Shortly after the broken levees drowned New Orleans, I began a collaborative project with a gifted filmmaker to document the post-Katrina lives of a large African American family from St. Bernard Parish, just outside the city. Over the next 20 months, Ginny Martin and I worked to capture the process of recovery as it unfolded. (Our film, Still Waiting: Life After Katrina, will air on most PBS stations very soon).

This two-year commitment has been the most humbling experience of my life. I have learned how much ordinarily self-reliant Americans - people who have done everything right - can be made dependent on bureaucracies that hold their futures inside complex and unresponsive maze ways.

The 150 individuals in this close-knit family network were homeowners, they had jobs and remain devout Baptists and Catholics.

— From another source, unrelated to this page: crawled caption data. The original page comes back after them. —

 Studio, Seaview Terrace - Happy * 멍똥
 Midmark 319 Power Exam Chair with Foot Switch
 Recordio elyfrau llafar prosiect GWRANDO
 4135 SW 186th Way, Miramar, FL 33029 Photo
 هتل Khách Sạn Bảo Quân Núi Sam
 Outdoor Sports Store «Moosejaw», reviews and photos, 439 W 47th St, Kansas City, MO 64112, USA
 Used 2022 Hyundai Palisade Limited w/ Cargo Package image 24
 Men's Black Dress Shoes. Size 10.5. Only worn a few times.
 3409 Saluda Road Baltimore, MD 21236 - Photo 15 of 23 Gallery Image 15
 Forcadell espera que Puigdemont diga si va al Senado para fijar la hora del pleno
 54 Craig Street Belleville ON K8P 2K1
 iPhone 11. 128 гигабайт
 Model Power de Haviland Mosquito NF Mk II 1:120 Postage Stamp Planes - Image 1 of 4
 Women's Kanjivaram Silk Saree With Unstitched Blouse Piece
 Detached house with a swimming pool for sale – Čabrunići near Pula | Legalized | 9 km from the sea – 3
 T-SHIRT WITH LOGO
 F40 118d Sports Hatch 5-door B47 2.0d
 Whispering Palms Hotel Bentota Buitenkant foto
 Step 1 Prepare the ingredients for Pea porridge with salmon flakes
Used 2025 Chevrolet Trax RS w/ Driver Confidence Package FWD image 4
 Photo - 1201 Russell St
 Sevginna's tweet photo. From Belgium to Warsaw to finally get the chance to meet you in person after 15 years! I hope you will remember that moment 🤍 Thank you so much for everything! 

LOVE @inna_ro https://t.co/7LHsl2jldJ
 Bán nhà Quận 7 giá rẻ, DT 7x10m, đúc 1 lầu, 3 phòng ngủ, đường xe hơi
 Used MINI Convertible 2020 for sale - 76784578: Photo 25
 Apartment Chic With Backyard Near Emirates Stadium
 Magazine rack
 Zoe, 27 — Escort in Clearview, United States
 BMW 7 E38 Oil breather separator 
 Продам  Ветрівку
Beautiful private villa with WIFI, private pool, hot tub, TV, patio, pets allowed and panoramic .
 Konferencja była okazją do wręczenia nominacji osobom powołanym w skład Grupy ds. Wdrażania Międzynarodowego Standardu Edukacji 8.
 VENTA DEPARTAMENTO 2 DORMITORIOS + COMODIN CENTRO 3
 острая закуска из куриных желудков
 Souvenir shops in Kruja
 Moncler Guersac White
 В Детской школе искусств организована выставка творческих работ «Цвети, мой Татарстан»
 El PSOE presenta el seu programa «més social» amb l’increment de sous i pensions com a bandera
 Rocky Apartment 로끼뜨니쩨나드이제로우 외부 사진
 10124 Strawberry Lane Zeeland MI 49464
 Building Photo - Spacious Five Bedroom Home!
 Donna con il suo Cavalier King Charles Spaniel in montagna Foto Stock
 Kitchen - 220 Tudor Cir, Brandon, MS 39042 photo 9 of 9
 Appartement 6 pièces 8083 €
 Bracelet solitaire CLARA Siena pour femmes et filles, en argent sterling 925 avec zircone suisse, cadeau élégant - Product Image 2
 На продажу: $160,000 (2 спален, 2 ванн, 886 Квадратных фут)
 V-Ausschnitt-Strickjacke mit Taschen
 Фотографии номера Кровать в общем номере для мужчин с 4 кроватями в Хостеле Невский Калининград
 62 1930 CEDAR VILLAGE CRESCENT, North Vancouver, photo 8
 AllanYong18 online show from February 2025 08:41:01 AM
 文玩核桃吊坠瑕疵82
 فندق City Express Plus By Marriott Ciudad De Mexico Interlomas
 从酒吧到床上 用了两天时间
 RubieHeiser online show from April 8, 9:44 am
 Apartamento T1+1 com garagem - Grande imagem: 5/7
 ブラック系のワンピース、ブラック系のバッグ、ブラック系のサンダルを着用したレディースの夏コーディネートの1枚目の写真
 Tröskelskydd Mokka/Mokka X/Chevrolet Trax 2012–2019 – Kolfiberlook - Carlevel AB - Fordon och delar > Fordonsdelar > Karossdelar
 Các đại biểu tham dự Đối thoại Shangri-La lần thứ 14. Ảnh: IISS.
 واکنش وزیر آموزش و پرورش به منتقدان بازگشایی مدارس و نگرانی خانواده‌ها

Our work exposed us to their hardships and to their character in ways that outsiders rarely glimpse - their grief and sadness, their dislocation and culture shock in Dallas, their ritual gatherings to share each other's home-cooked food, their optimism and resolve to return home, their brave acceptance of the devastation, chaos and unending heaps of paperwork to which they returned, their patience with the system that promised them what it has not delivered.

The reality of this family's self-reliance, their patience during a time of prolonged stress and difficulty, is a model of American fortitude.

Yet in my Colorado neighborhood, in my Missouri hometown and in my adopted home in Texas where the concern for self-reliance is enthusiastically promoted, few people I know recognize the philosophical and moral kinship they share with families like this.

Many people of goodwill and intelligence instead confess to me their weariness with the Katrina story. I believe this Katrina fatigue exists because we allow ourselves to deny our connection to the people who are still suffering.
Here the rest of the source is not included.